# Longer Poles for sillosock flyers - help



## Migrtn (Dec 30, 2009)

Trying to figure out where to get longer poles (fiberglass?) for sillosock and deadly flyers? The only thing I am finding is 5 foot long fiberglass electric fence posts. Would like to get a few longer ones? I see longer ones in some of the pictures?

Any advice appreciated.

thanks,
Migrtn


----------



## maple lake duck slayer (Sep 25, 2003)

http://www1.mscdirect.com/eCommerce...77dt2?refinement=4293379956&searchandizedOk=Y


----------



## jcnelsn1 (Oct 28, 2008)

You can get 6 footers in steel at Menards, Lowes, etc. If you really want to go big you can use jackite poles.


----------



## Zekeland (Oct 6, 2005)

Check out your local steel / welding shop. They will have 1/4" round raw steel that is cheap. They will cut it for you , you may have to file down one end from their press cutters. I get lengths anywhere from 5-9 feet. You would be surprised how the steel actually flexes with the longer lengths of rod. Especially in spring, with longer poles you can place anywhere in the mud or water. On dryer ground I will put rod 1-2' deep in ground. This is your ticket.....


----------



## bigshooter23 (Feb 18, 2008)

i am making 10 flyers this year. for the poles i wondered aaround a menards and thought what all uses fiberglass. one thing came to mind is the fireplace cleaners. sure enough brown fiberglass rods with screw in couplings on each end. each rod is 4ft long. making some stakes with some rerod and also a threaded rod coupling


----------



## webfootwacker (Jan 1, 2010)

You could also go to flagman products.He has 10 and 12 ft. collapsable fiberglass poles.


----------



## 495hp (Aug 20, 2006)

If you want fiberglass poles Google kite building supplies. You will find numerous sites where you can buy six foot sections of 1/4 inch rods. Just remember your going to have a lot of flex in 1/4 fiberglass. I would go with the steel or buy larger fiberglass poles with coupler.


----------



## calisnowhunter (Jun 7, 2006)

if you have a dome tent use the poles from that or go to wallyworld and buy a cheap tent for ten bucks. they work awesome


----------



## Drundel (Nov 14, 2010)

One more idea, buy 3/8" poles and use this adapter. (if you find the adapter anywhere else please post up).

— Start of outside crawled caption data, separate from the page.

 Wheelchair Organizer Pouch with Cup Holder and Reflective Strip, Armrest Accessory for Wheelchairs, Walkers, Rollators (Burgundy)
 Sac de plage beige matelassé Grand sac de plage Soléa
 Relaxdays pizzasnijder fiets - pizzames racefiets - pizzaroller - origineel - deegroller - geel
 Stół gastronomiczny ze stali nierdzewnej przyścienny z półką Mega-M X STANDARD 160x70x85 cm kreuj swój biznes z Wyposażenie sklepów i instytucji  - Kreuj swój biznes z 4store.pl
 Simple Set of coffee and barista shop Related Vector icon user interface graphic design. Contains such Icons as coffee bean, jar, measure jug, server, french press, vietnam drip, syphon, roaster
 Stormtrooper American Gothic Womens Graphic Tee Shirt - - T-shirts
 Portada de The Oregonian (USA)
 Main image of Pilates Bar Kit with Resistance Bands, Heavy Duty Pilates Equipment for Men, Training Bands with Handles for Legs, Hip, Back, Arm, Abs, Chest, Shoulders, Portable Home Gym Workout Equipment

http://www.shellcreekgamecalls.com/stalker.htm


----------



## Snowgooser (Mar 28, 2008)

Ordering from here on Monday. Hard to beat the price.

http://www.goodwinds.com/merch/list.sht ... fiberglass


----------



## take'em down (Jan 8, 2009)

http://prairiewinddecoys.com/Products/8 ... s-rod.aspx


----------



## nehunter72 (Feb 2, 2011)

We just used 8 foot adjustable fiberglass poles and taped the one that comes with the flyer to it. works great and gives it bounce


----------



## headshot (Oct 26, 2006)

I use 1/4 inch cold rolled steel. In 6 and 8 foot lenghts it really whips around in the wind... Very effective


----------